Dataset excerpts

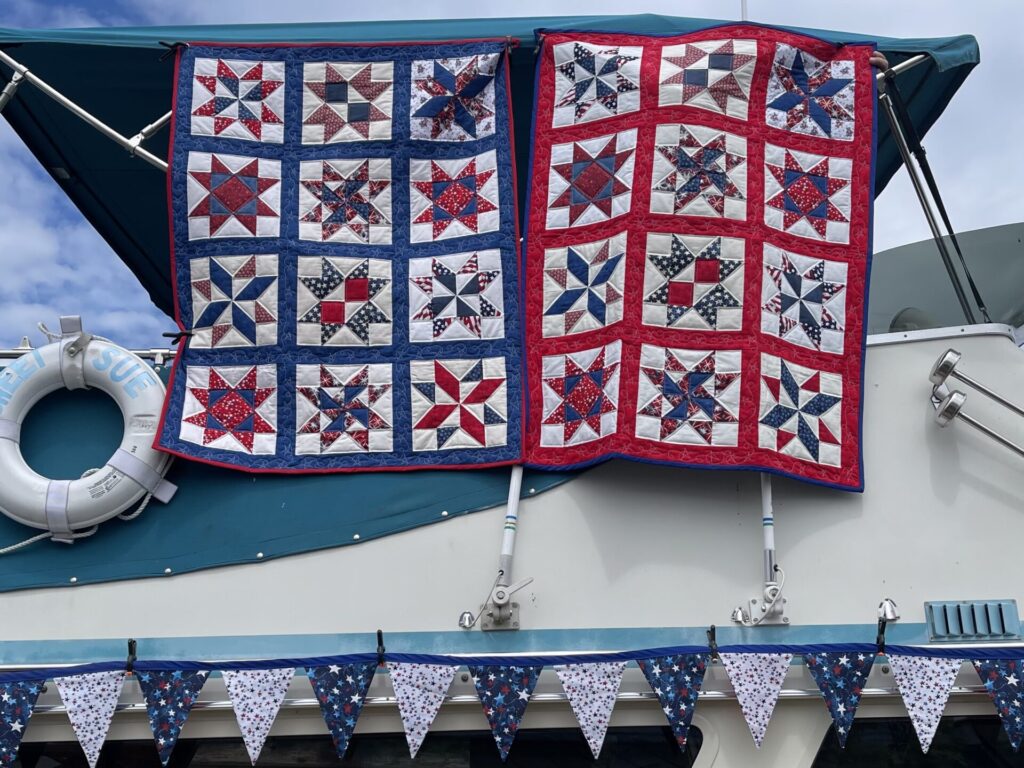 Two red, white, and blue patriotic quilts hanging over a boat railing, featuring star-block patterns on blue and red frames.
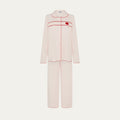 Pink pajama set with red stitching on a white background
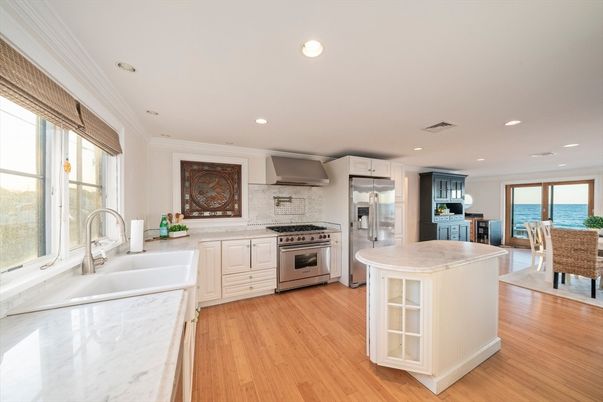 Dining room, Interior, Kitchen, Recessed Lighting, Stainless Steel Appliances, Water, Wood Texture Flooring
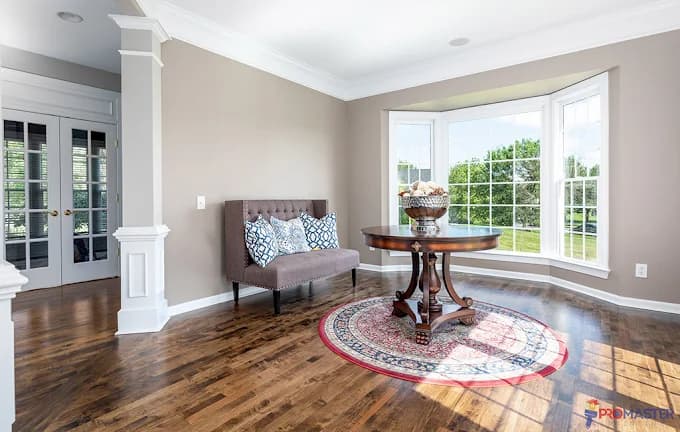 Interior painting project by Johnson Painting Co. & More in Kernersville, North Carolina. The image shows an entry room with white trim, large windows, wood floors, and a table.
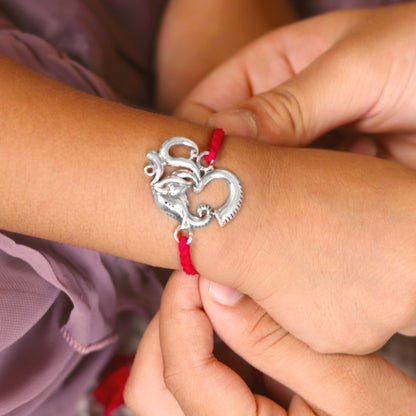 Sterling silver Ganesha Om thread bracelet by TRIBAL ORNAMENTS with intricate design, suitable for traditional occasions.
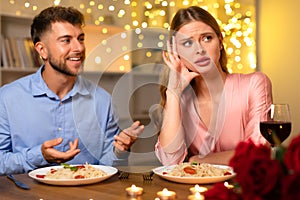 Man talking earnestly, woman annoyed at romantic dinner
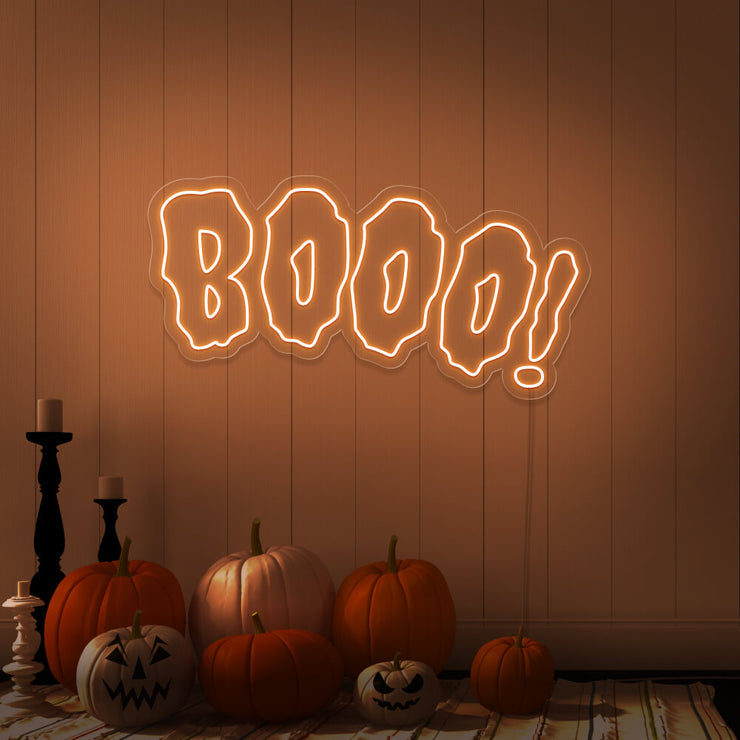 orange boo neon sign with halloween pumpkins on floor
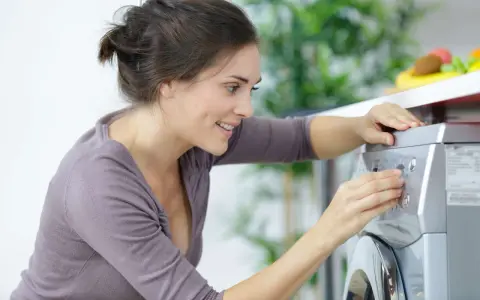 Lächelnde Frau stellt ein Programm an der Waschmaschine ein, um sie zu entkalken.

--

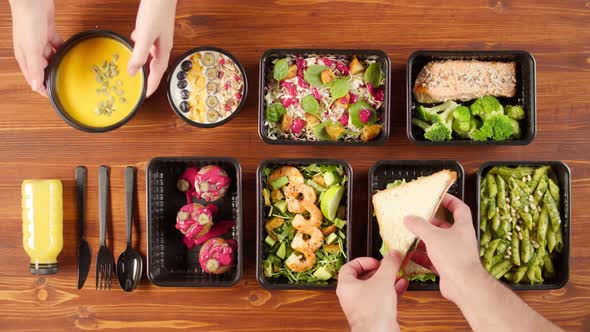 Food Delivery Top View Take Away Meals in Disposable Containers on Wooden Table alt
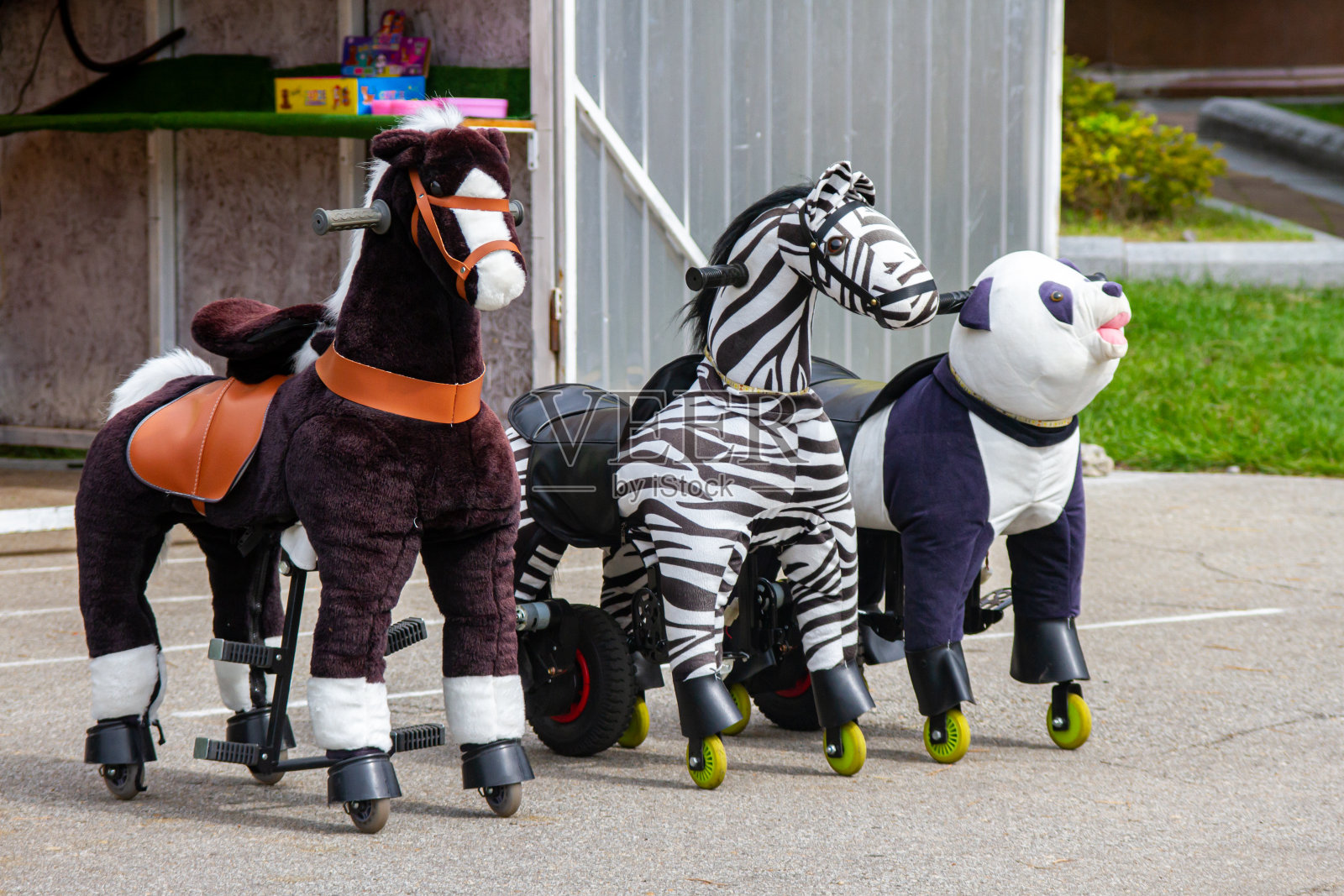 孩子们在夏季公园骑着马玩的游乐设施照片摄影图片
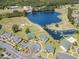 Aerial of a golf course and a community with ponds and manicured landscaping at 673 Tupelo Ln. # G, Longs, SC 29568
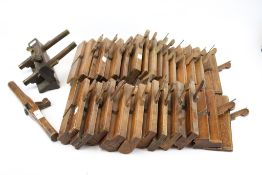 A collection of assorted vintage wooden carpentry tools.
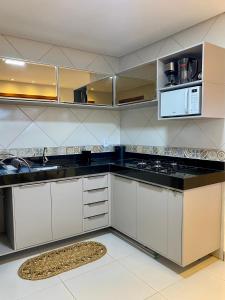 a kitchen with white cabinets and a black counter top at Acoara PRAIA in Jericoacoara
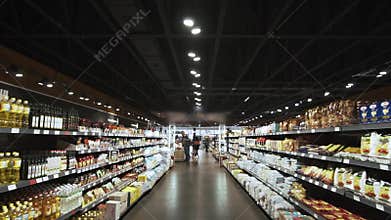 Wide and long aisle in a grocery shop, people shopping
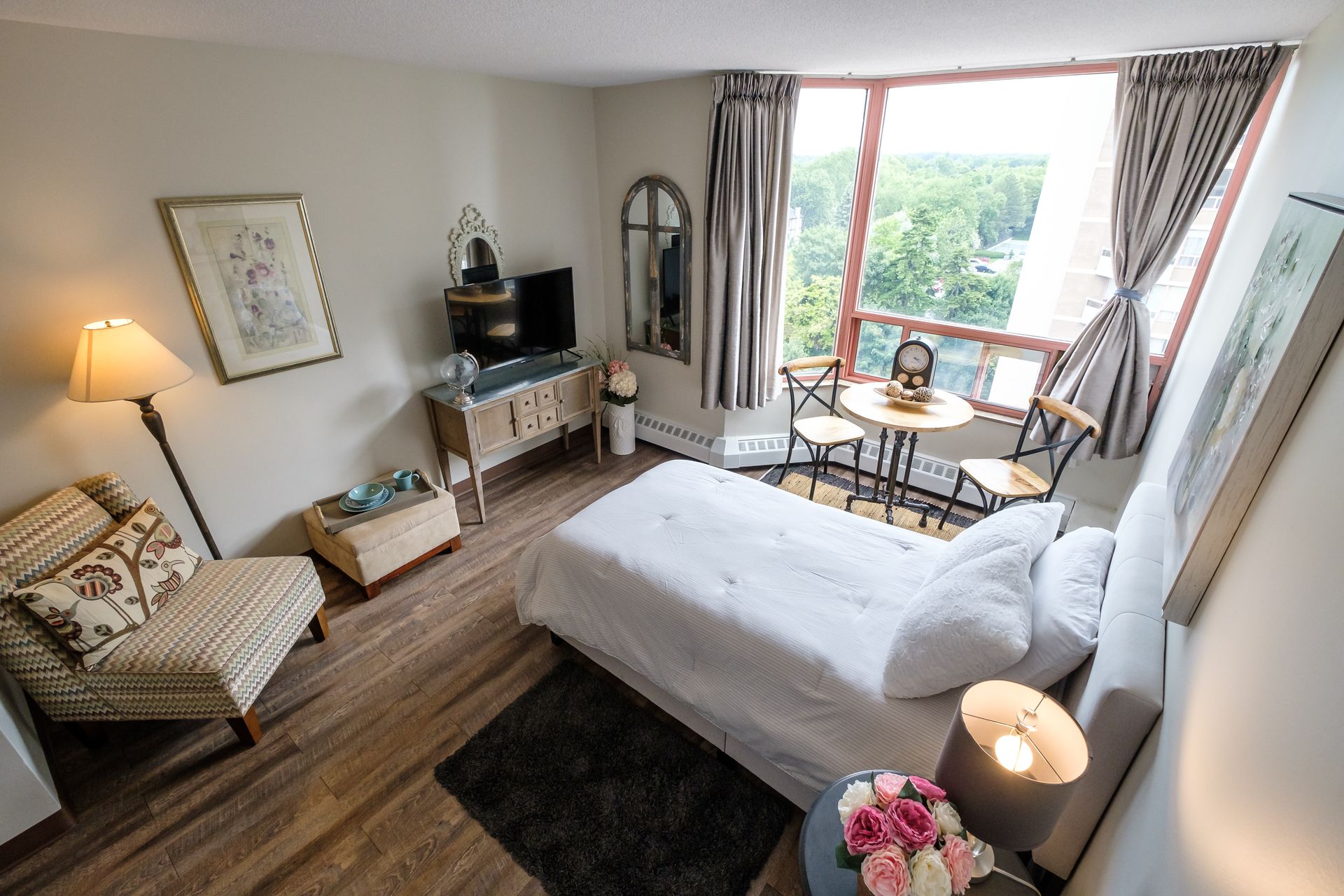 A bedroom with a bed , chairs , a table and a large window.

...

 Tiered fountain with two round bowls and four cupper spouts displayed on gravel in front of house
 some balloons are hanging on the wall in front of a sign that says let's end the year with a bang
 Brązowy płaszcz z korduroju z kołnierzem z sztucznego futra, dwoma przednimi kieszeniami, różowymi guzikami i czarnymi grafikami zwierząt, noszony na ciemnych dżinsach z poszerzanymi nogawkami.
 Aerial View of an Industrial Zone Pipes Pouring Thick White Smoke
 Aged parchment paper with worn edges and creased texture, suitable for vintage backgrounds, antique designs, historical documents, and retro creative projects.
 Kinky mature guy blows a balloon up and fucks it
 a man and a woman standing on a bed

- Your objective
For the entries above, print exactly the lines between the one with "orange boo neon" and the one with "Lächelnde Frau stellt", inclusive, with no pictures.

- Response for this exercise
 orange boo neon sign with halloween pumpkins on floor
 Lächelnde Frau stellt ein Programm an der Waschmaschine ein, um sie zu entkalken.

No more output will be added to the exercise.